Tom Pauly and the Princeton baseball team challenged the heart of the Harvard lineup on a day when they could more than afford to do so.
Pauly came in and struck out senior Brian Lentz and sophomore Schuyler Mann in the bottom of the eighth after Princeton intentionally walked the bases loaded to end the Crimson’s best chance of escaping yesterday’s doubleheader with a win. Pauly closed out that game, a 2-0 Princeton win, just as he had closed out a 5-1 decision earlier in the afternoon, leaving Harvard (8-15, 3-5 Ivy) winless and befuddled by its collective hitting slump.
Still, with Brown splitting its doubleheader with Columbia yesterday and the entire Red Rolfe Division languishing below the .500 mark, the Crimson’s record is good enough for a three-way tie for the division lead. Meanwhile, Princeton (14-15, 7-1) increased its lead in the Lou Gehrig Division over Penn.
Princeton and Harvard have played each other for the lion’s share of the Ivy League Championships in the past eight years, but the focus after yesterday’s action was less on rivalry or history than it was on the Crimson’s current futility.
“Losing to Princeton hurts, but we’re 3-5 in the Ivies now, that hurts in itself,” senior pitcher Kenon Ronz said. “They’re [all] Ivy games.”
In both games, the Crimson struggled to get on base, and Harvard’s No. 3 through 6 hitters went a combined 3-for-25 on the day. Harvard has scored only six runs in its last 46 innings.
“We didn’t get much from seven spots in the lineup today, except for [Zak] Farkes and [Lance] Salsgiver, who battled their tails off to get on base,” Walsh said. “Right now, we’re anemic.”
Weak hitting and poor defense ruined solid outings from senior Kenon Ronz and sophomore Mike Morgalis. Ronz was particularly effective in the second game, striking out nine and allowing one earned run in 8.2 innings, but wound up a hard-luck loser.
Princeton 2, Harvard 0
In the bottom of the eighth, after a one-out single by Salsgiver and a double Farkes smoked to deep right, the Crimson had runners on second and third with junior slugger Trey Hendricks in the on-deck circle. Princeton opted to have Princeton starter Mark Siano (2-1) intentionally walk Hendricks, loading the bases, and face Lentz and Mann head on.
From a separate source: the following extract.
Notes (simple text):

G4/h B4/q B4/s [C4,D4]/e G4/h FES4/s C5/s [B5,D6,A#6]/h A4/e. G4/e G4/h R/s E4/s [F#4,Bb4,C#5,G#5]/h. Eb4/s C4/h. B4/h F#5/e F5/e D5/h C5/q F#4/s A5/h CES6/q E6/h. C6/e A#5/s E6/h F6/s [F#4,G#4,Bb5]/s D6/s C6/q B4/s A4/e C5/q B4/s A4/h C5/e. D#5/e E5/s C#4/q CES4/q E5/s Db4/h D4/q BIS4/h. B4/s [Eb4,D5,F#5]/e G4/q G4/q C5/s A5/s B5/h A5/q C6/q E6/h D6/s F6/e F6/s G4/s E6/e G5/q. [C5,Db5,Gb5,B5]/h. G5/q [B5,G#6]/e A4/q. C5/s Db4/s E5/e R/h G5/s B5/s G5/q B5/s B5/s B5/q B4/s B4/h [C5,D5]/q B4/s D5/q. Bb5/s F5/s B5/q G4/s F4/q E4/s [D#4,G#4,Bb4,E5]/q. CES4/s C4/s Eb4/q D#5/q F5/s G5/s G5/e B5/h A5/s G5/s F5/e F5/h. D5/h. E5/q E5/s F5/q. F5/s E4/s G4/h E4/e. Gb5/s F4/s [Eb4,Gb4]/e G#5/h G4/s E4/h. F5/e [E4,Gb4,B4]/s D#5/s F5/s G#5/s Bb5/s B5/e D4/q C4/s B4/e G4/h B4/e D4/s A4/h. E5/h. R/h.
It was a daring challenge, but one made easy for Princeton coach Scott Bradley with Pauly coming in from the bullpen. The righty—last summer’s Cape Cod League postseason MVP—struck out Lentz and Mann on seven straight fastballs. He pitched two more hitless innings to pick up the save.
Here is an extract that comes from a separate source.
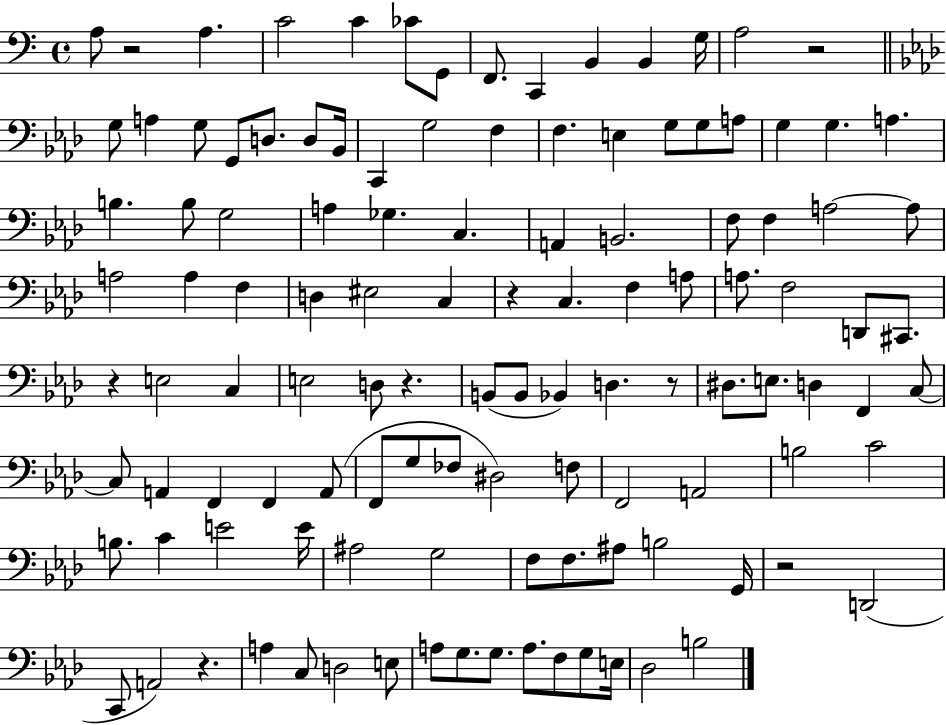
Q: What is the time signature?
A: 4/4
Lentz and Mann each went down swinging—Lentz on a high checked swing, Mann swinging and missing completely.
“Pauly’s legit,” Walsh said. “If you do not get to the starter by the seventh or eighth innings, then you are in trouble. But Pauly, really, he’s a one-pitch guy. You’ve got to make contact with that fastball.”
No one on the team made contact with a fastball for most of the game, or many other Princeton offerings. Siano held Harvard to three hits in 6.1 innings, and none until a Salsgiver single in the fourth.
By then, Princeton had gotten the only run it would need off of Ronz (1-2), who pitched a spectacular game but watched helplessly as one of his pitches got past Lentz in the top of the fourth with a man on second. The pitch went all the way to the backstop, and Lentz was unable to recover before the runner scored.